On Thursday, February 17, 2022, Marine Raiders Gunnery Sergeant Danny Draher and Gunnery Sergeant Josh Negron were forced to release their military lawyers after a Marine Corps judge found evidence of Unlawful Command Influence (UCI) in their case, just as Chief Eric Gilmet was forced to do in a separate motion hearing only weeks prior.
In a November 2021 incident, a senior military officer representing the Marine Corps’ Judge Advocate Division aimed threatening statements at Chief Gilmet’s defense counsel, resulting in a conflict of interest created by the government.
The so-called MARSOC 3 cases involving GySgt Draher, GySgt Negron, and Chief Petty Officer Eric Gilmet involve allegations that are now three years old, each stemming from an incident that took place in Erbil, Kurdistan (Northern Iraq) on New Year’s Eve, 2018 in which the Marine Raiders were assaulted by an American civilian contractor.

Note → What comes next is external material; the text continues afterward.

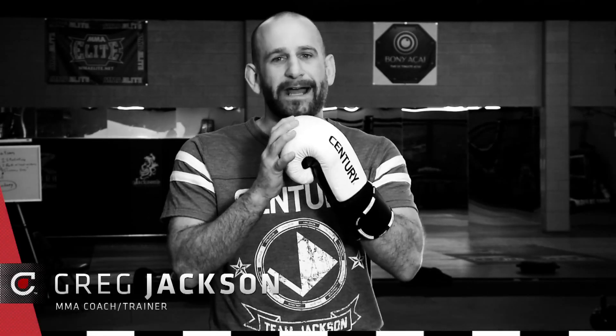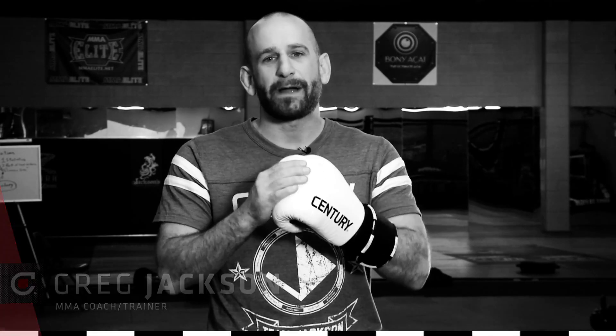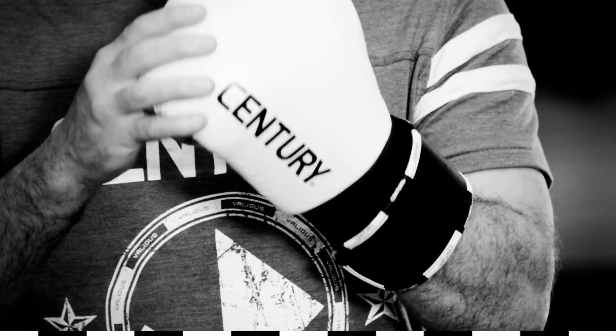Hi, I'm Greg Jackson. What makes this new heavy bag glove so amazing is its array of features that help you develop your power shots. And if you've been hitting a heavy bag, that's what you've been trying to do — you're trying to get more powerful. So how does this glove help us out?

United American Patriots (UAP) has supported the MARSOC 3 during their lengthy legal battle by funding their civilian legal representation and generating awareness to members of Congress and to the public about the facts of the case.
Despite the overwhelming evidence of the MARSOC 3 acting in self-defense and the defense of others, the MARSOC 3 were charged with involuntary manslaughter, negligent homicide, obstructing justice, and violations of orders.
Like Chief Gilmet, GySgt Draher and GySgt Negron were forced to decide between moving forward with a compromised defense counsel, or to part ways with the defense team that they had built cohesion with for several years in order to avoid the effects of UCI.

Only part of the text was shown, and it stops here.